(Available records Opens)
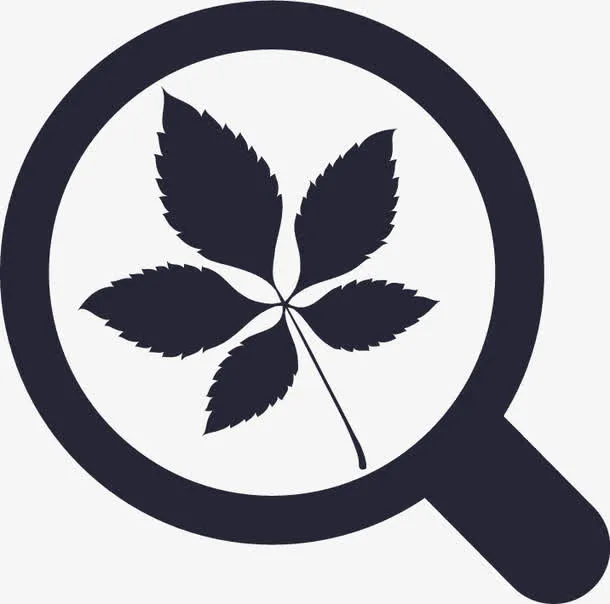 人参叶片类型免抠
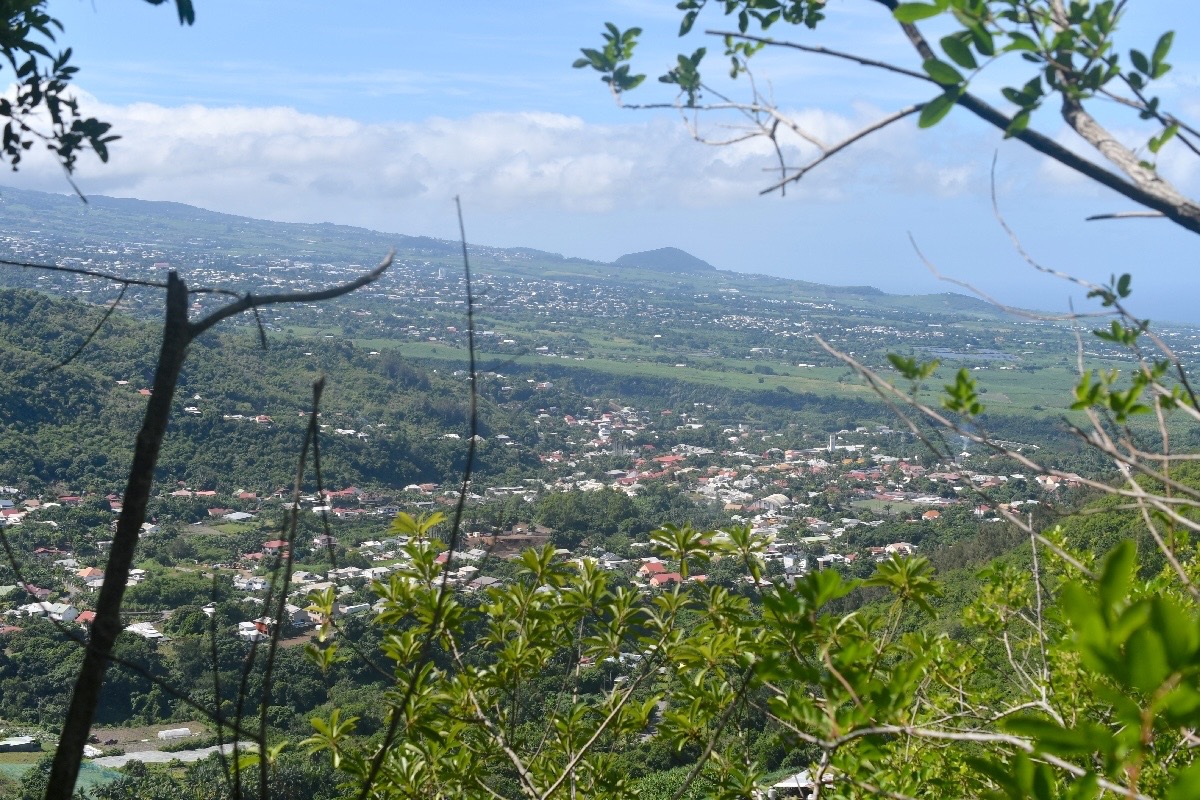 L'Entre-Deux et Piton Mont Vert 1385.jpeg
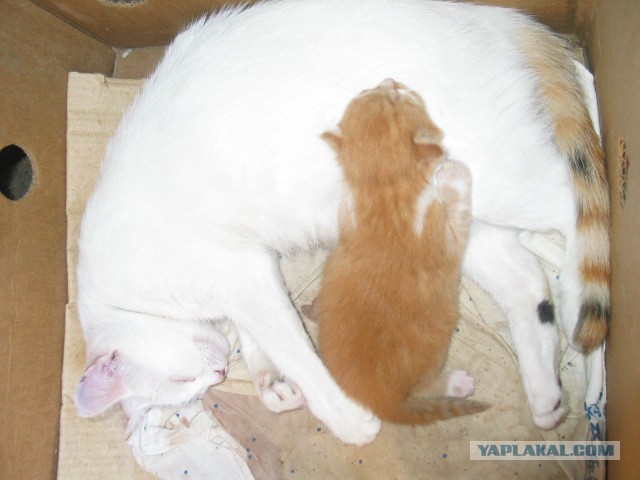 Котовторник 01.04.2014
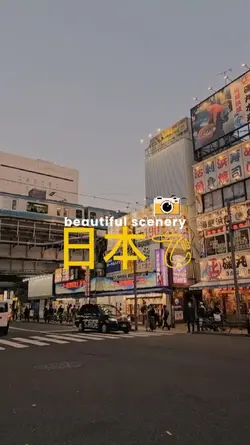 日本の美しさ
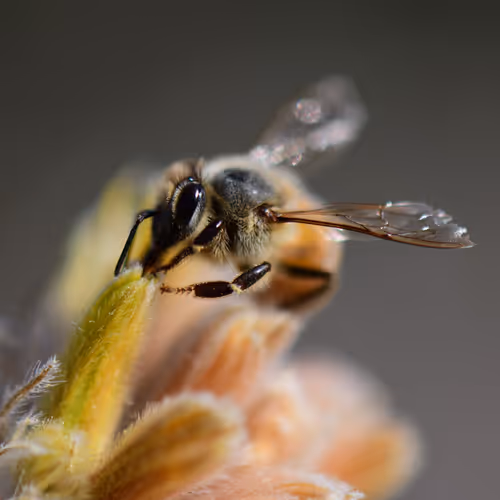 Unidentified contract - 5XlwxioDc7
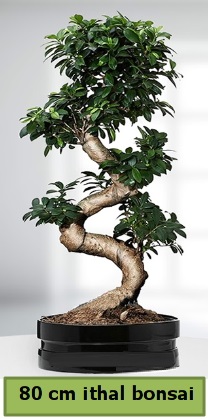 thal 80 cm zel saksda bonsai bitkisi Japon aac sat Ankara iek gnderme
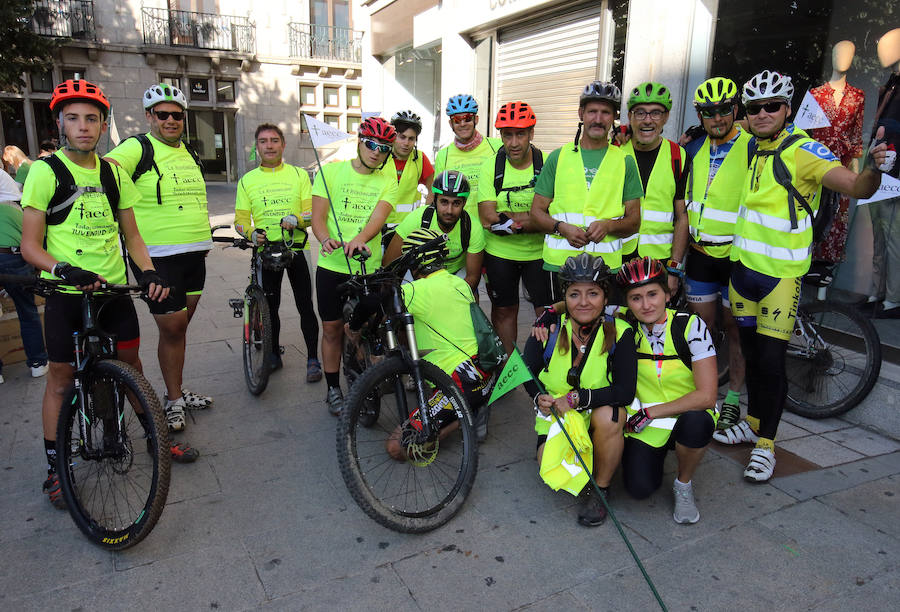 Fotos: V Marcha contra el Cáncer en Segovia
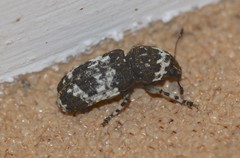 Dendropemon albopictus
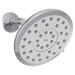 Moen M220R7 Chrome Shower Head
(Available records Closes)
■ **Task instructions**
Your answer must be an exact copy of the listing, minus its pictures.

■ **Result of the exercise**
 人参叶片类型免抠
 L'Entre-Deux et Piton Mont Vert 1385.jpeg
 Котовторник 01.04.2014
 日本の美しさ
 Unidentified contract - 5XlwxioDc7
 thal 80 cm zel saksda bonsai bitkisi Japon aac sat Ankara iek gnderme
 Fotos: V Marcha contra el Cáncer en Segovia
 Dendropemon albopictus
 Moen M220R7 Chrome Shower Head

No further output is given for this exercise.